# **<span style="color: black;">STAT 201 Project Proposal - Group 38</span>** 
##### **-- by Pushya Jain, Jingyuan Liu, Ty Stevenson & Bowen Tian**

## **Statistical inference on crime statistics of Vancouver**

### **Introduction**

<span style="color: black;">In our STAT201 group project, we propose the following question of interest: **How does the proportion of violent and non violent crimes vary throughout the day?** With the rise of unprovoked stranger attacks and safety concerns for Vancouverites, we will seek to better understand the relation of criminal activity and time of day. The data is provided by the Vancouver Police Department on the open source “geodash” website. We will be using the data from 2003 to 2022 for all neighborhoods within the Vancouver municipal proper. The goal of this study is to understand if daytime and nighttime hours tend to harbour different types of crimes, which may be useful in further inferences about the motivations behind such crimes (CS Wisdom et H. Torch). These trends can also assist in predicting criminal activity and developing preventive and punitive methods to reduce crime, and understand the underlying social problems conducive to crimes (University of Minnesota).</span>

In [4]:
### Load all necessary packages into R and set the seed. Run this cell before continuing.
library(tidyverse)
library(tidymodels)
library(gridExtra)
library(repr)
library(cowplot)
library(broom)
library(digest)
library(infer)
library(gridExtra)
set.seed(38)
options(repr.matrix.max.rows = 8)

SyntaxError: expression cannot contain assignment, perhaps you meant "=="? (1502476855.py, line 12)

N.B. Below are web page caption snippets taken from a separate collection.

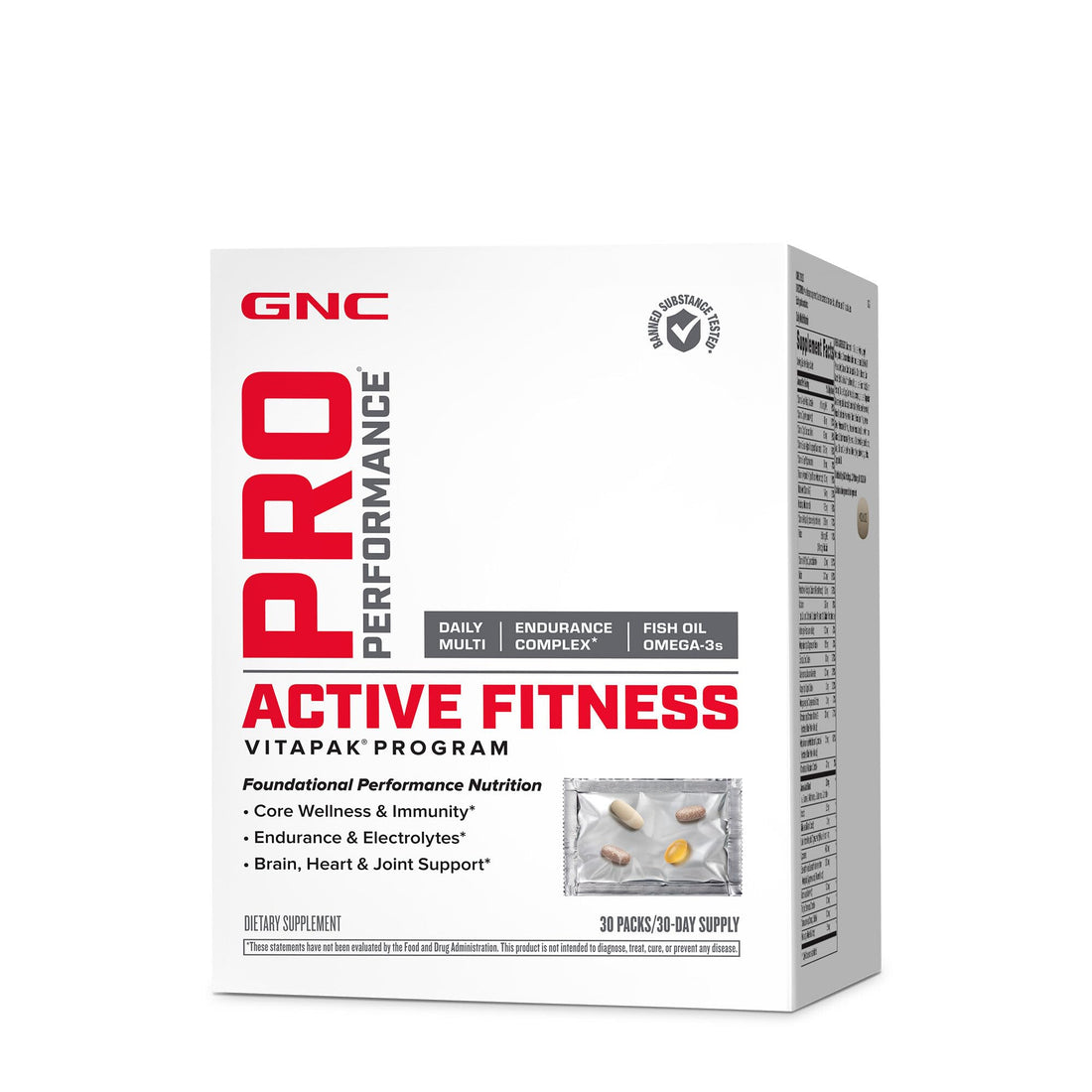 GNC Pro Performance Active Fitness Vitapak Program | 30 Servings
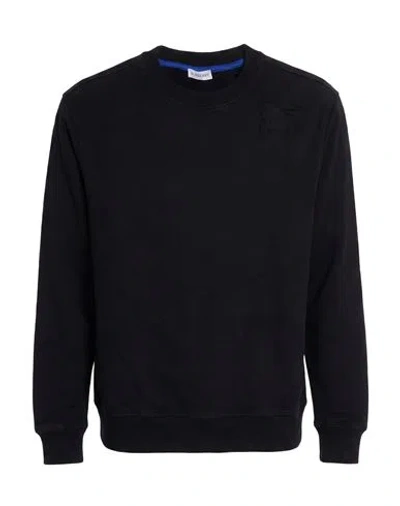 Burberry Man Sweatshirt Black Size Xs Cotton, Elastane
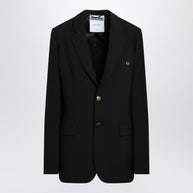 Moschino Black Single-breasted Jacket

### **Preliminary results**

<span style="color: black;">In our preliminary and exploratory analysis, we downloaded the dataset as csv and imported it into R. We immediately noticed that there are spikes in the distribution around midnight, noon, and to a lesser extent at regular intervals (hourly, 30-minutes, 15-minutes, etc.). We assumed this to be an artifact of estimating crime time in instances where the precise time is unknown. To counteract this problem, we used a histogram to bin the dataset by the hour and removed values at midnight and noon. This may cause the unintended effect of removing useful data. However, as we are comparing the two groups by daytime and nighttime, it should have little effect on the proportions calculated. The histograms in question are shown below:</span>

In [3]:
#Read the raw data from the web using its url.
url <- "https://raw.githubusercontent.com/PUSH-YA/stat-201-2022w1-group-38/main/crimedata_csv_AllNeighbourhoods_AllYears.csv"
vancouver_crime_raw_data <- read_csv(url)
head(vancouver_crime_raw_data)

#Initial population distribution
pop_plot <- vancouver_crime_raw_data %>% 
            ggplot() +
            geom_histogram(aes(x = HOUR), bins = 24) +
            labs(x = "time of the day (hour)", 
                title = "Distribution of # of crimes and their times",
                y = "count")

#Cleaning the data
vancouver_clean_data <- vancouver_crime_raw_data %>%
                            filter(!(HOUR == 0 & MINUTE == 0)) %>%
                            select(TYPE, HOUR, MINUTE)

pop_plot_clean <- vancouver_clean_data %>% 
            ggplot() +
            geom_histogram(aes(x = HOUR), bins =24) +
            labs(x = "time of the day (hour)", 
                title = "Cleaned distribution of # of crimes and their times",
                y = "count")

options(repr.plot.width=12, repr.plot.height=4)
grid.arrange(pop_plot, pop_plot_clean, ncol =2)

SyntaxError: invalid syntax (1068983756.py, line 7)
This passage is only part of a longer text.